The severe weather in Southeastern KELOLAND Thursday caused a lot of people to take cover. But not everyone got the warning.
Residents in Hartford say even though they didn't get hit by a tornado, they were surprised not to hear a siren.
"I was watching it pretty close. It was pretty ominous. You didn't know what direction, but to me, it looked like it was traveling straight toward town. Because the whole time I was watching it, you could see it dip down and go back up. And then dip back down again," Hartford resident Dean Ebbinga said.
Ebbinga was working in Hartford Thursday afternoon when the storm arrived. As he watched the storm progress, he realized something was missing: a siren.
"I actually, after everything was said and done, I called a local firefighter that I know and talked to him about it and asked if he knew why. At that time, he didn't have an answer," Ebbinga said.
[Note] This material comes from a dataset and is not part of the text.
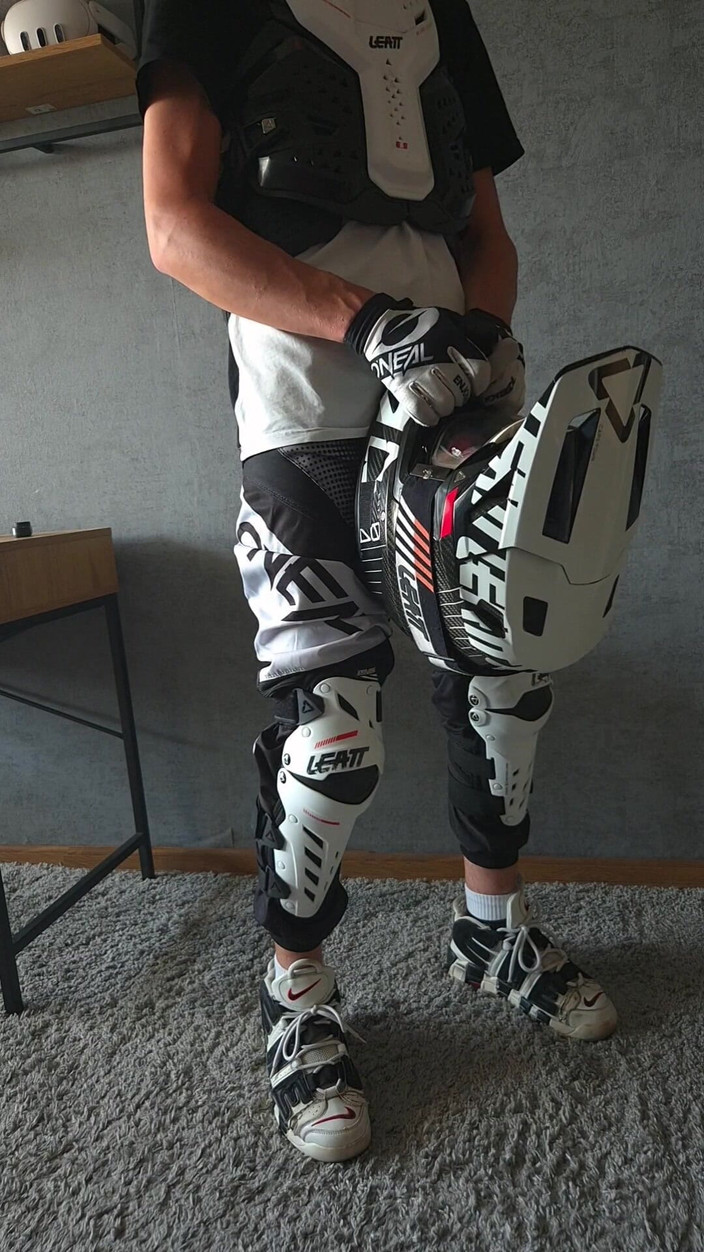 Sneakersmax98: Cream Pie na mém mxhelmet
Ebbinga thought there might be something wrong with the sirens, but that wasn't the case. Minnehaha County Emergency Manager Lynn DeYoung says the community was never in any danger, so officials never sounded the alarm.
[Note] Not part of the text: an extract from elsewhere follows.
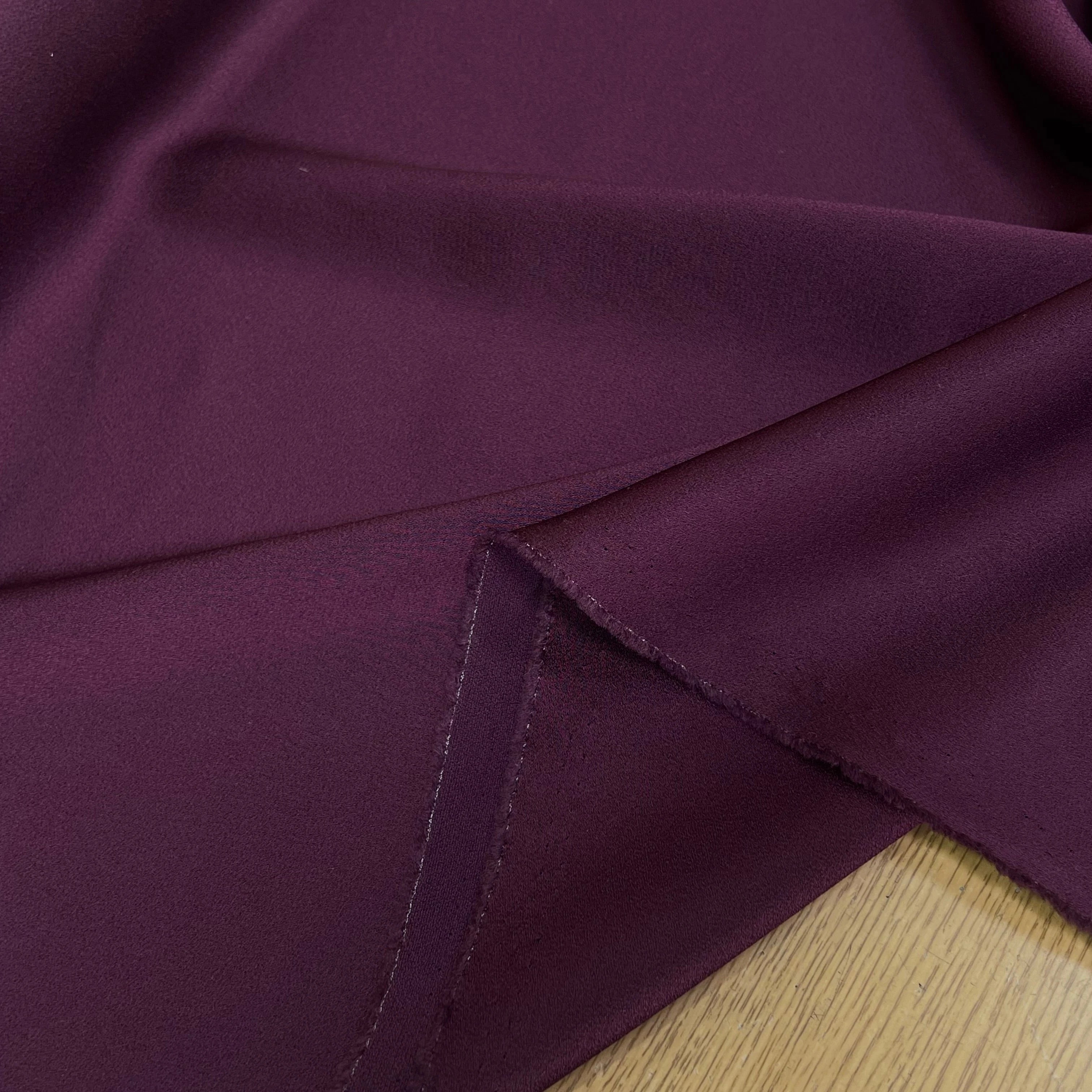 (Chute) CREPE ENVERS SATIN ACETATE VISCOSE TOMBÉ CHIC PURPLE RAIN 27% VISCOSE - My Little Coupon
"We've learned from other communities, across the country, that the more you activate your sirens the less people listen. And the less people take cover and the less people activate their own plans," DeYoung said.
DeYoung says it's done this way so people don't become numb to the sound of the siren. And even though you may not hear or see it, Emergency Management is keeping a close eye on the storm.
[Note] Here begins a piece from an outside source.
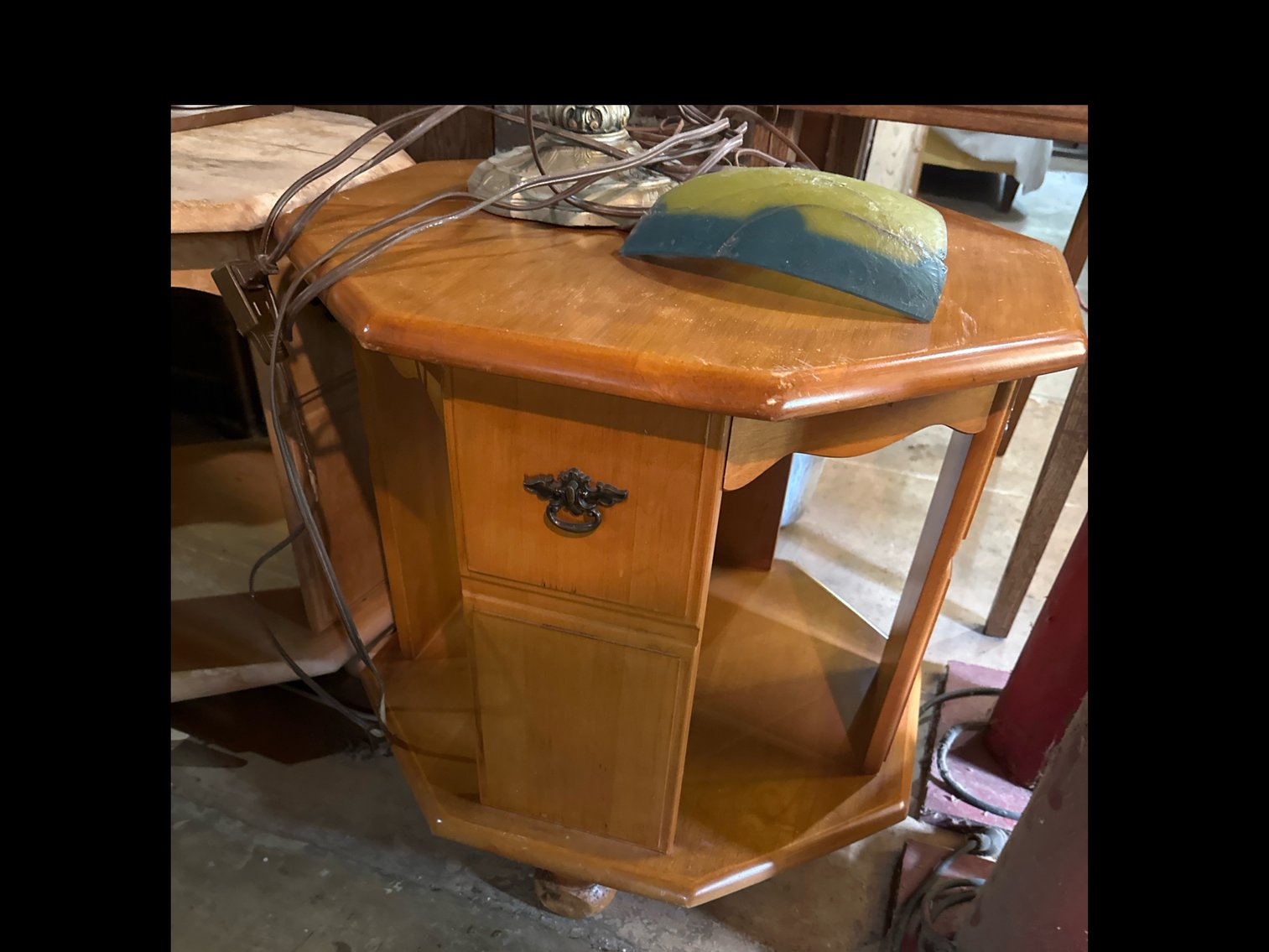 Image for Tiffany style lamp (broke shade) and table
"If it's going to impact your community, the siren will be activated. But if it's moving away, like this instance, then it won't be activated. Because we don't want to cry wolf," DeYoung said.
"I'm just glad that nobody got hurt. And I did hear about some minor tree damage west of here, but other than that as far as I know, nobody had any injuries," Ebbinga said.
DeYoung says even if the sirens do sound, they may not be heard indoors. That's why he suggests getting a weather app on your phone or a weather radio.